Vulnerable children at risk through postcode lottery of care
Four in five children’s directors say support varies from area to area
Published on 11th July 2018
The children’s social care system varies ‘wildly’ from one area to another with children’s safety being jeopardised, a report has warned.
The All Party Parliamentary Group for Children has carried out an inquiry which found that vulnerable children face a postcode lottery in levels of support.
Tim Loughton MP, chair of the All-Party Parliamentary Group for Children and former Children’s Minister, said: “Children and families around the country with the same urgent needs are getting significantly different levels of help, and in some case, no support at all.
“This is true for families who struggle to cope on low income, living in poor housing which puts their children’s health in jeopardy. It’s true for children who are harming themselves yet are kept waiting for treatment because they aren’t at immediate risk of suicide. These people need help now, regardless of where they live.
“In some places, the pressure on children’s services is so acute it is leaving social workers feeling that the only tool available to them to keep a child safe is to remove them from their family. As a result, families may look at these skilled and caring professionals with mistrust. But this is wrong. It is the woeful underfunding by government of a proper breadth of social care interventions that is to blame,” he added.
The inquiry found that more than four out of five directors of children’s services surveyed by the inquiry described a postcode lottery of support, where children facing similar problems get different levels of help early on depending on where they live, with almost two thirds saying this even applied to cases where the child was at significant risk.
Further, children had to reach crisis before children’s services would step in. Of the 1,700 social workers surveyed, 70 per cent said the threshold for helping ‘children in need’ had risen in the last three years, with half saying the point at which a child protection plan was triggered had gone up.
Funding constraints are affecting day-to-day decisions about whether to intervene to support a child. Budget pressures particularly undermined decisions about how to help a child early on, through family support, teenage pregnancy interventions, respite breaks for the families of disabled children, youth clubs and children’s centres. There were also accounts that pressures on resources are influencing decisions about whether to take action to safeguard children at risk of harm.
Professionals described a system where decisions do not seem transparent and are hard to understand. There were incidences where children and families already receiving support were deemed to no longer reach the threshold for help because their local authority was shifting its priorities to more acute cases, or they had moved to an area which didn’t help families at their level of need.

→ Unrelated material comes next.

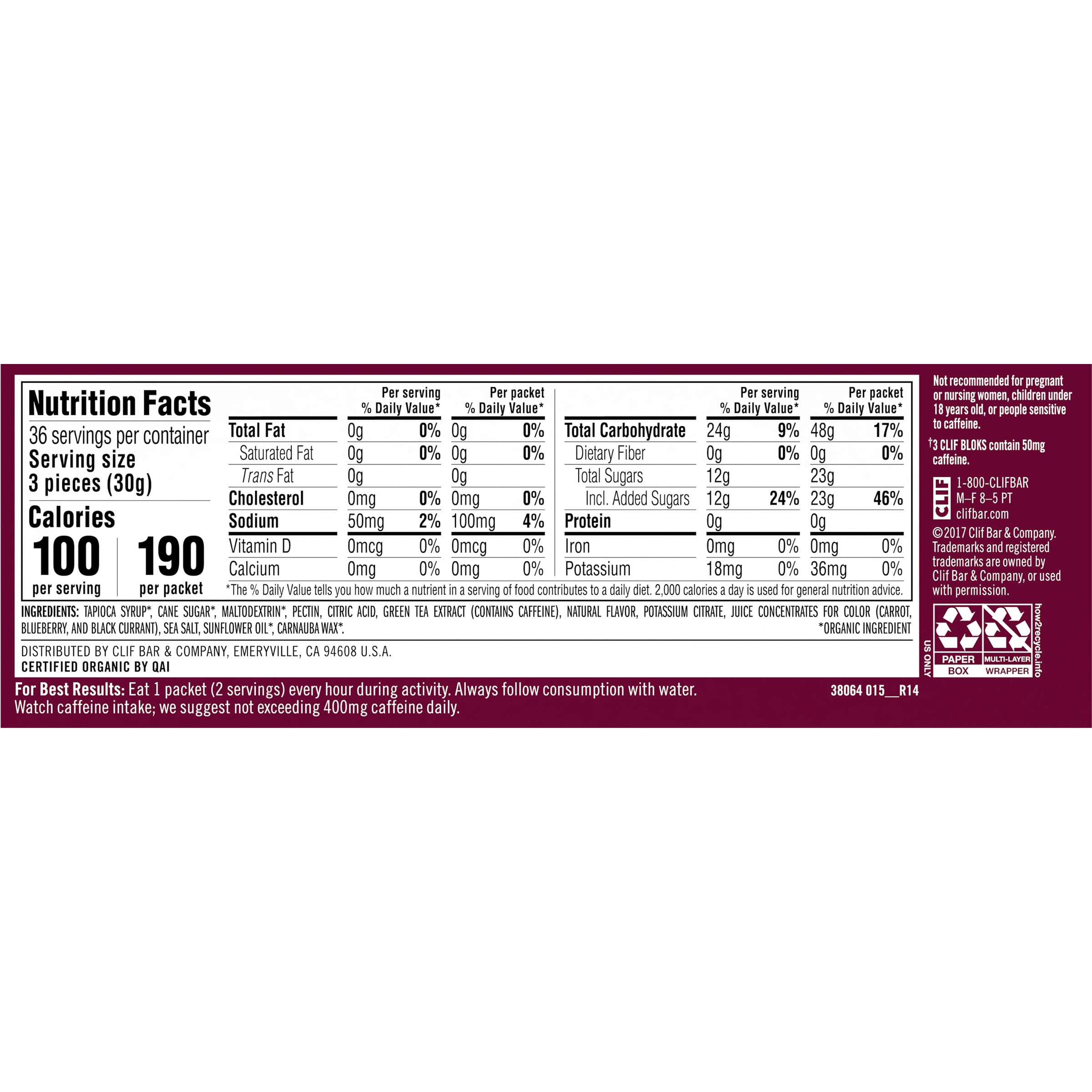 CLIF BLOKS - Black Cherry Flavor with Caffeine - Energy Chews - Non-GMO Clif Bar buy supplements canada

Anna Feuchtwang, director of the National Children’s Bureau, said: “It makes no moral sense that families are left to face crisis and children are put at risk of serious harm because services are chronically underfunded.

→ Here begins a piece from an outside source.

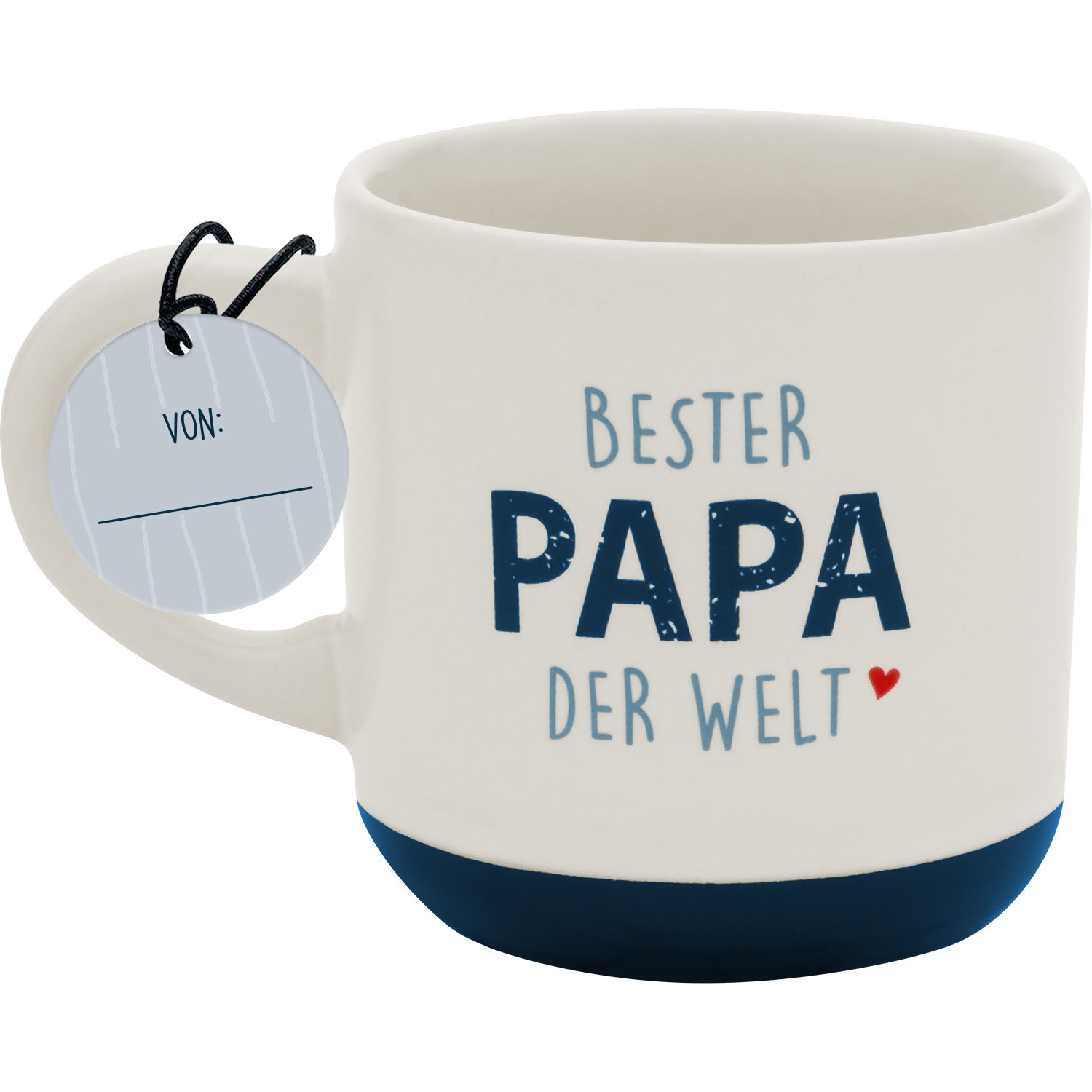 Weiße Espressotasse mit dunkelblauem Boden und dem Spruch BESTER PAPA DER WELT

“What’s more, it makes no financial sense. The evidence from social workers, academics and service leaders is overwhelming: early help services reduce the need for crisis support later on. It is a farce that social workers and service leaders have to put cases to one side because they haven’t got the resources to intervene – knowing full well that many of those same cases will be back with a vengeance later, at much greater personal cost to our children and families and at much greater expense to our services. This is storing up trouble and it cannot go on.”
The All-Party Parliamentary Group for Children is urging the government to address the gap in funding for children’s social care services and put in place a sustainable long-term funding settlement for early help and preventative services. It also calls for government to consult on how to introduce a legal duty on local authorities to provide early help to children, young people and their families, providing a statutory ‘safety net’ for these services.
The government should also expand its review of children in need to gather evidence on thresholds for accessing ‘children in need’ support under s.17 and what underlies variation in the proportion of children designated ‘in need’ across the country.
Cllr Roy Perry, Vice Chairman of the Local Government Association’s Children and Young People Board said: “We are pleased that MPs and peers have backed our long-standing call for government to address the funding gap facing children’s services, which will reach £3 billion by 2025.
“This report is yet further evidence that children's services are being pushed to the brink, and of the critical need for councils to be given the resources to provide the essential support that our children and young people rely on and deserve.
“The fact some children now have to reach crisis point before they get support is a sad and shocking indictment of how inadequately funded children’s services are.
“Councils are currently seeing more than 270 children taken into care or placed on a child protection plan every single day to keep them safe from harm. These numbers are becoming unsustainable, with many areas now struggling to cope.
“It is vital the government heeds these warnings and fully funds children’s services so councils can support families before problems escalate to the point where a child might need to come into care,” he concluded.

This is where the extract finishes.